Apart from the pictures, every line below needs to be reproduced verbatim.

DATA FOR THIS TASK:
******

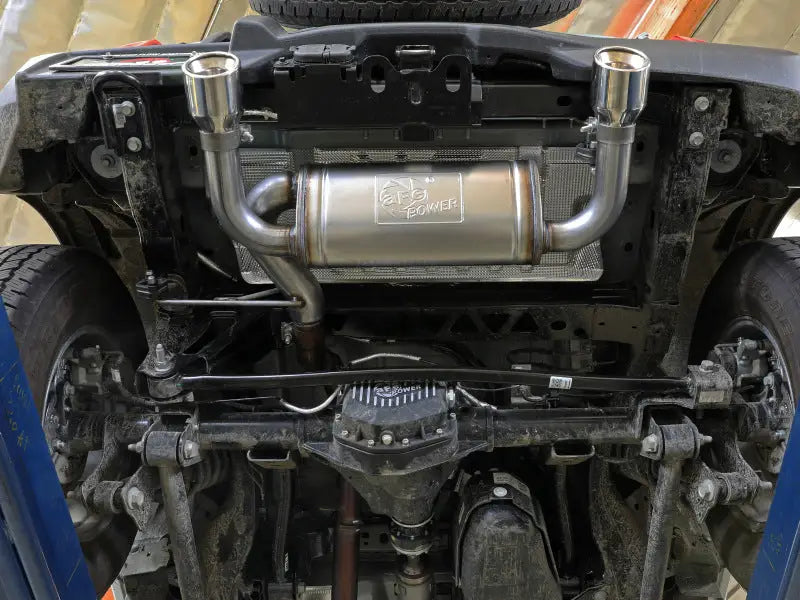 Shiny metal exhaust system on aFe Vulcan 3in Ford Bronco with carbon tips
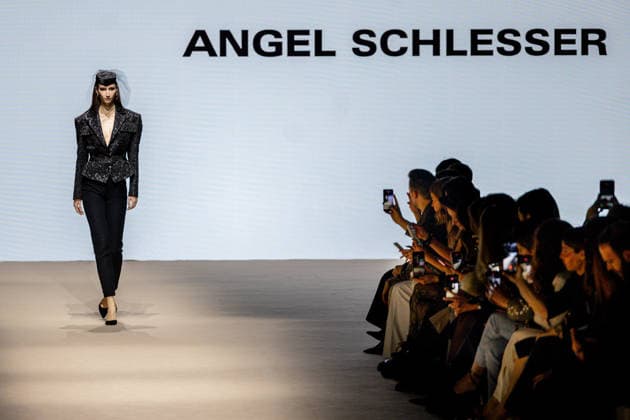 Angel Schlessers fashion show at Mercedes Benz Fashion Week A model during an Angel Schlessers fashion show on the occasion of the Mercedes Benz Fashion Week, March 21, 2026, in Madrid Spain Angel Schlessers fashion show is part of the Mercedes Benz Fashion Week Madrid, the main Spanish fashion show organized by IFEMA, which brings together established firms and new talents The brand, historical hallmark of Spanish fashion, stands out for its minimalism and refined tailoring MARCH 21, 2026 FASHION Madrid Madrid Madrid Spain  Copyright: xRicardoxRubiox 7384492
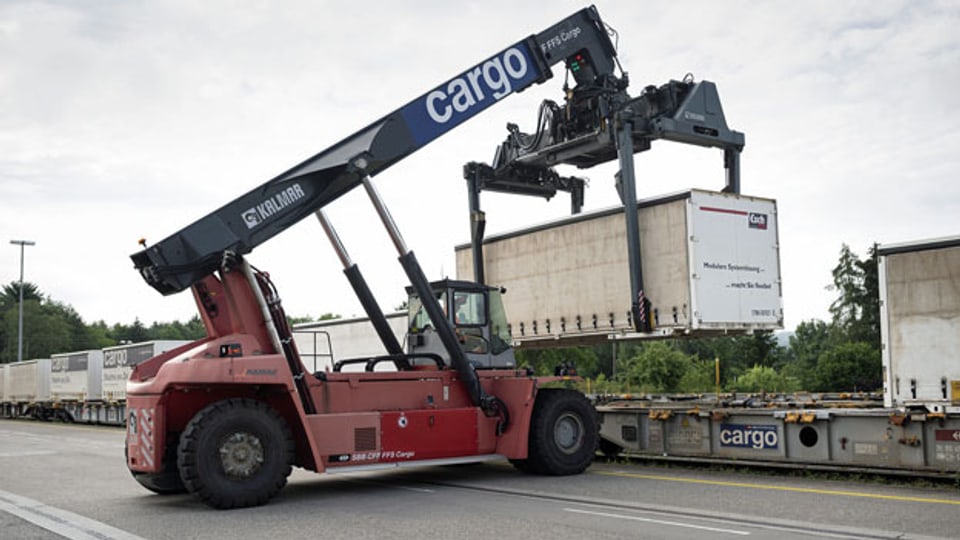 Mit einem fahrbaren Kran werden Container von LKWs auf die Schiene verladen.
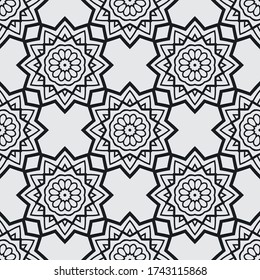 Retro ornament. Geometric pattern. Black ornament on a white background. Seamless texture.
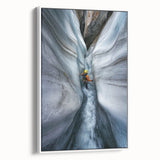 Framed canvas artwork of a serene cave landscape, showcasing intricate natural formations in earthy tones. The piece is elegantly displayed with a white frame, enhancing its aesthetic appeal and making it an ideal decor choice for nature enthusiasts.
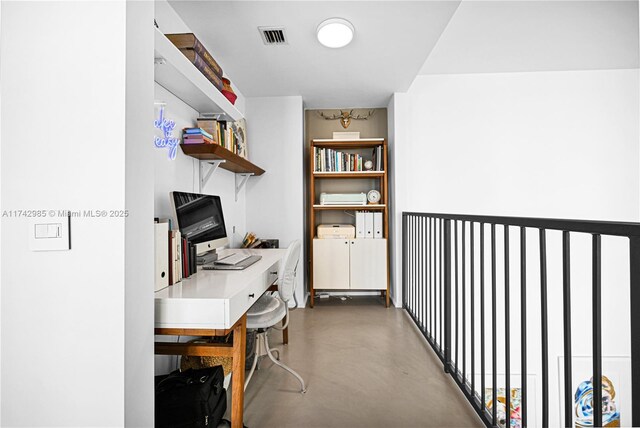 office featuring concrete flooring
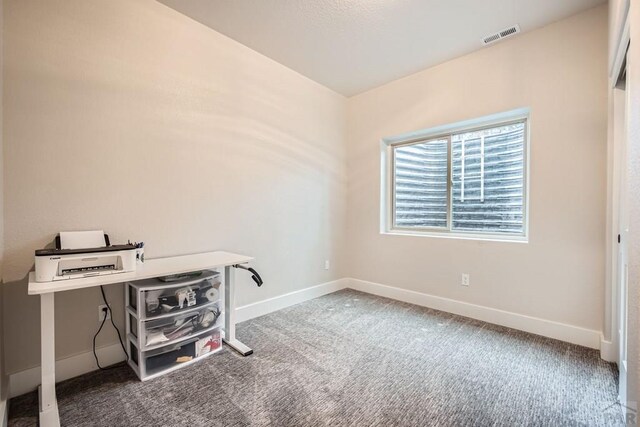 office space featuring carpet floors, visible vents, and baseboards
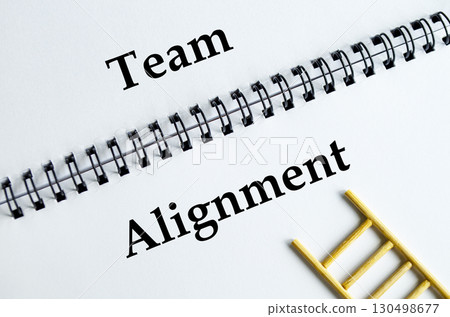 Team Alignment, Notebook and ladder illustrating teamwork unity and coordinated collaboration. Team Alignment, Notebook and ladder illustrating teamwork unity and coordinated collaboration. 130498677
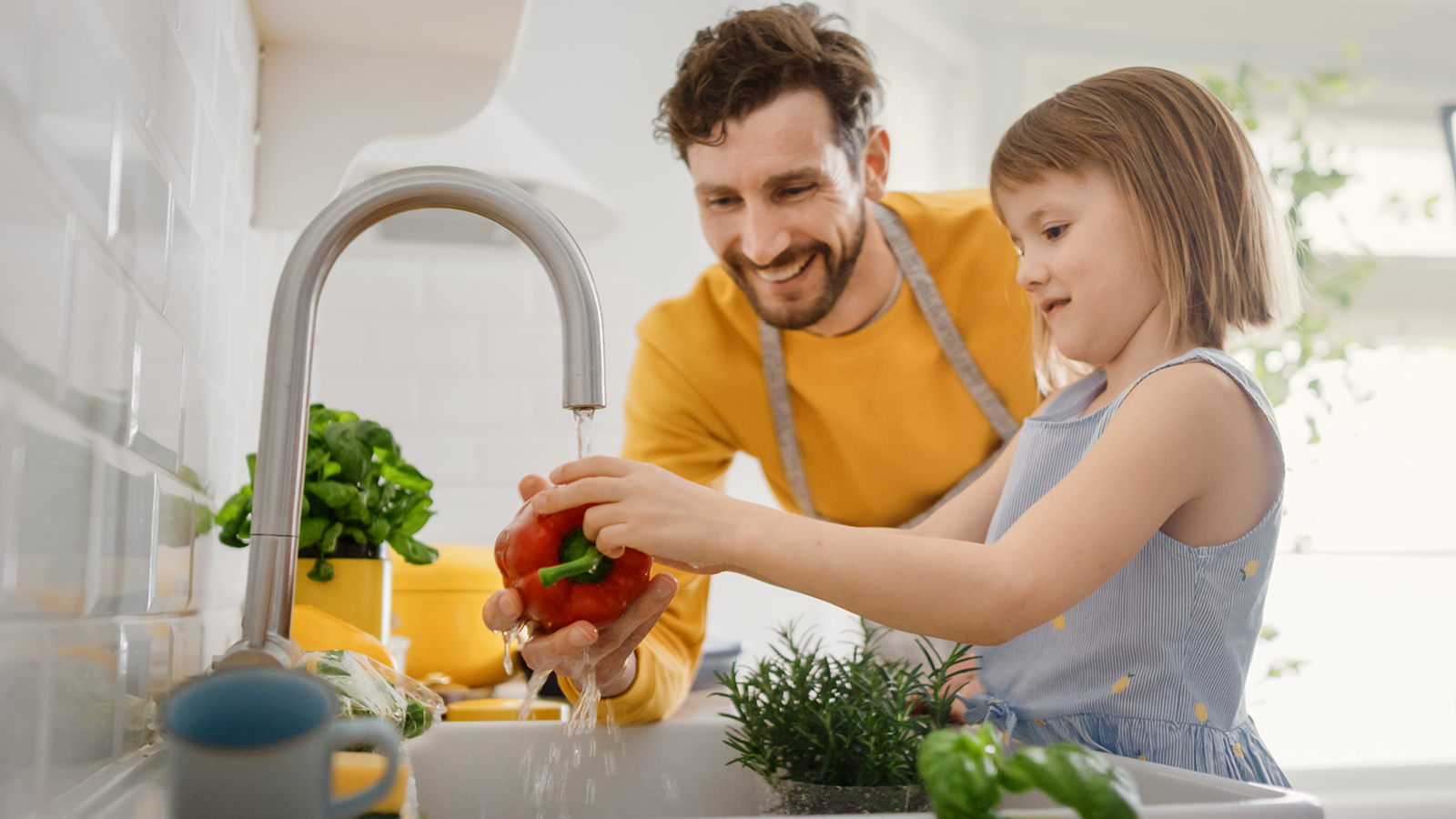 Washing vegetables in sink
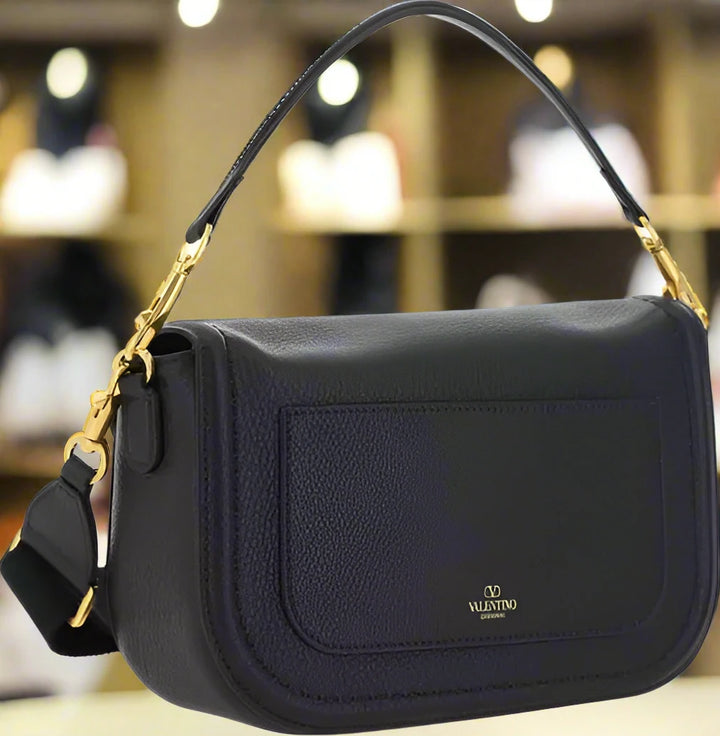 Valentino Garavani women's designer handbag in leather Luxury Valentino Garavani shoulder bag with iconic studs Valentino Garavani crossbody bag in black with gold accents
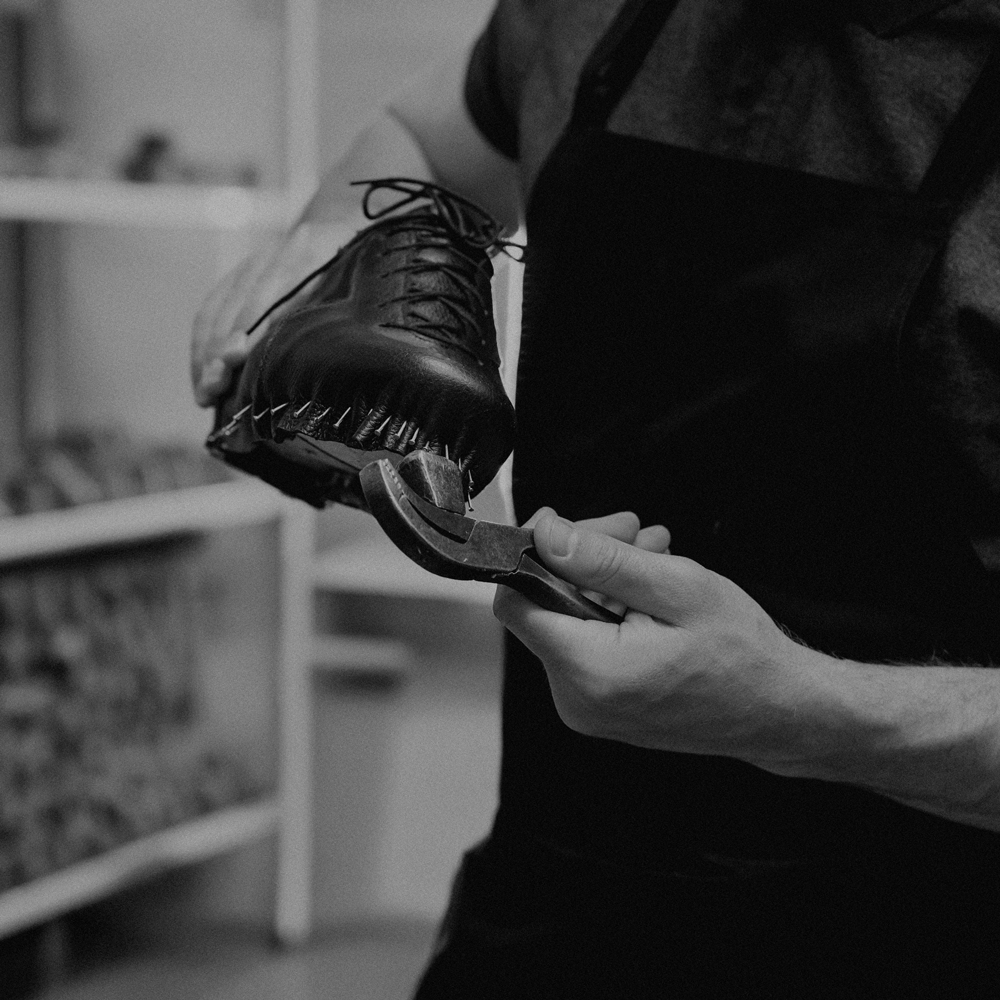 At the heart of English shoemaking is a dedication to quality materials., man making leather shoe
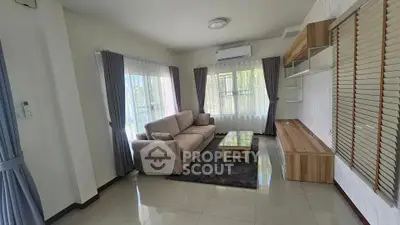 Spacious living room with modern furnishings and large windows for natural light.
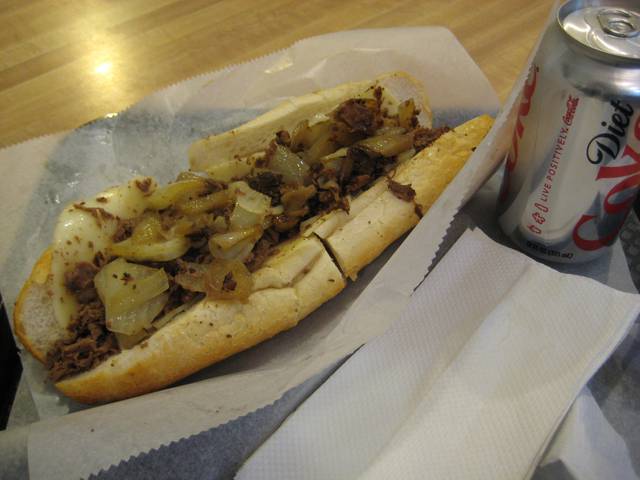 Cheesesteak at Jim's Steak with Provolone cheese and onions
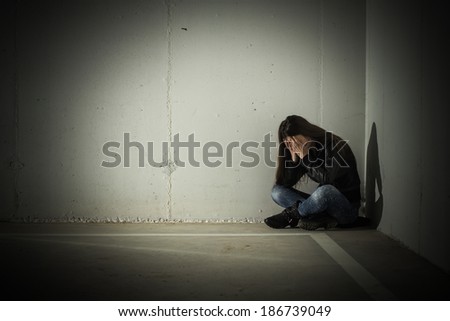 Depressed teenage girl with hands over face sitting in the corner.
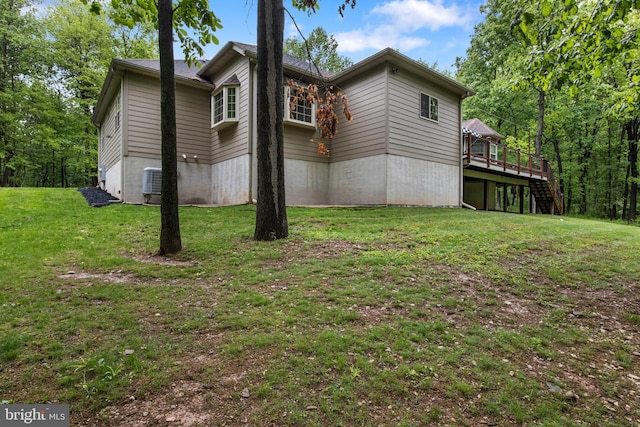 1982 Whyte Ln, Spring Grove, PA 17362 - view of side of home with a deck, a yard, central AC unit, and stairway
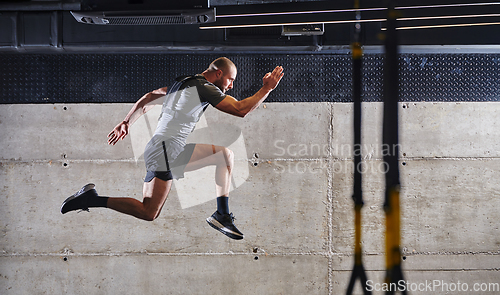 Image of A muscular man captured in air as he jumps in a modern gym, showcasing his athleticism, power, and determination through a highintensity fitness routine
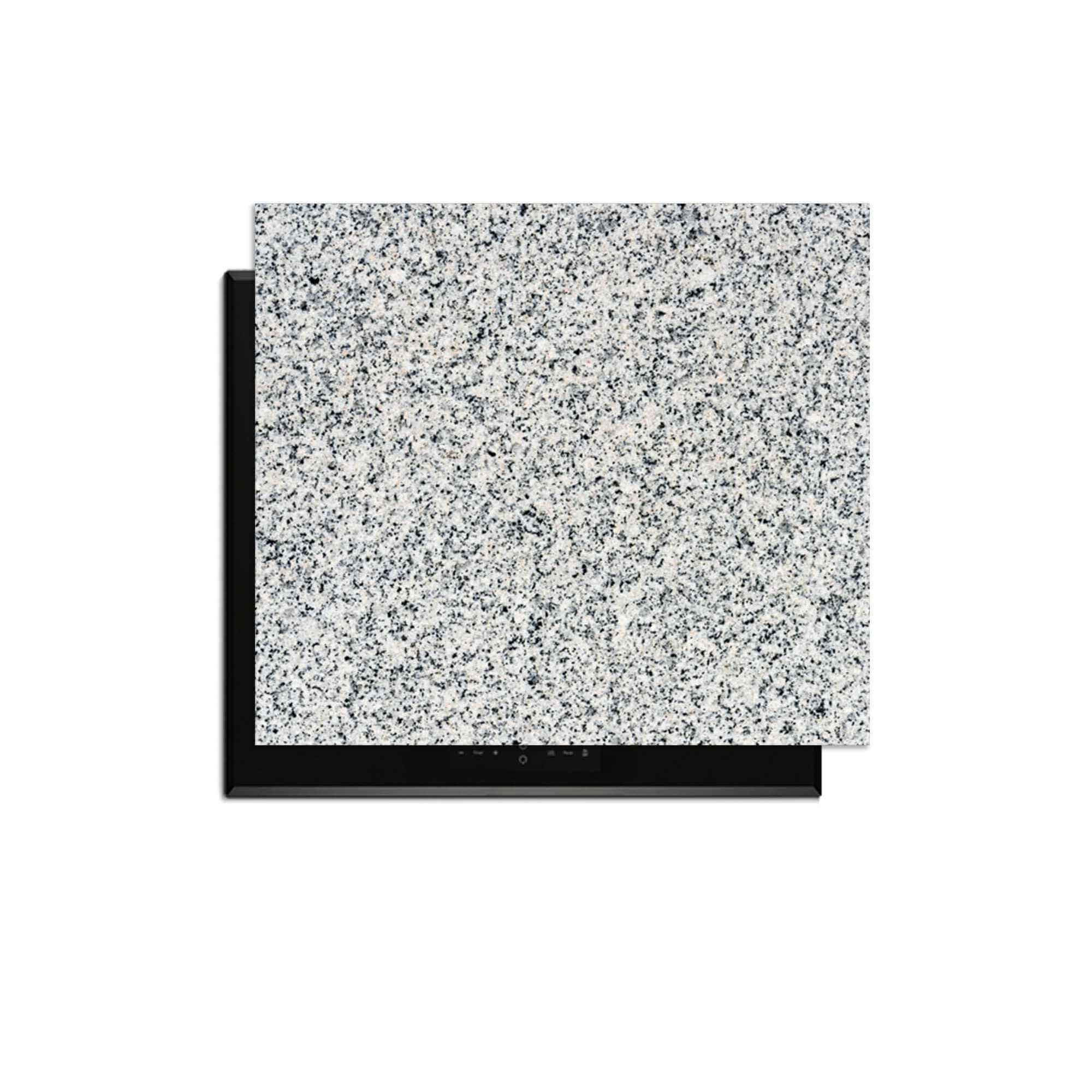 Nordic Mist - Inductie Beschermer met grijs graniet patroon bovenop een zwarte inductiekookplaat.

******

WRITTEN ANSWER:
 Shiny metal exhaust system on aFe Vulcan 3in Ford Bronco with carbon tips
 Angel Schlessers fashion show at Mercedes Benz Fashion Week A model during an Angel Schlessers fashion show on the occasion of the Mercedes Benz Fashion Week, March 21, 2026, in Madrid Spain Angel Schlessers fashion show is part of the Mercedes Benz Fashion Week Madrid, the main Spanish fashion show organized by IFEMA, which brings together established firms and new talents The brand, historical hallmark of Spanish fashion, stands out for its minimalism and refined tailoring MARCH 21, 2026 FASHION Madrid Madrid Madrid Spain  Copyright: xRicardoxRubiox 7384492
 Mit einem fahrbaren Kran werden Container von LKWs auf die Schiene verladen.
 Retro ornament. Geometric pattern. Black ornament on a white background. Seamless texture.
 Framed canvas artwork of a serene cave landscape, showcasing intricate natural formations in earthy tones. The piece is elegantly displayed with a white frame, enhancing its aesthetic appeal and making it an ideal decor choice for nature enthusiasts.
 office featuring concrete flooring
 office space featuring carpet floors, visible vents, and baseboards
 Team Alignment, Notebook and ladder illustrating teamwork unity and coordinated collaboration. Team Alignment, Notebook and ladder illustrating teamwork unity and coordinated collaboration. 130498677
 Washing vegetables in sink
 Valentino Garavani women's designer handbag in leather Luxury Valentino Garavani shoulder bag with iconic studs Valentino Garavani crossbody bag in black with gold accents
 At the heart of English shoemaking is a dedication to quality materials., man making leather shoe
 Spacious living room with modern furnishings and large windows for natural light.
 Cheesesteak at Jim's Steak with Provolone cheese and onions
 Depressed teenage girl with hands over face sitting in the corner.
 1982 Whyte Ln, Spring Grove, PA 17362 - view of side of home with a deck, a yard, central AC unit, and stairway
 Image of A muscular man captured in air as he jumps in a modern gym, showcasing his athleticism, power, and determination through a highintensity fitness routine
 Nordic Mist - Inductie Beschermer met grijs graniet patroon bovenop een zwarte inductiekookplaat.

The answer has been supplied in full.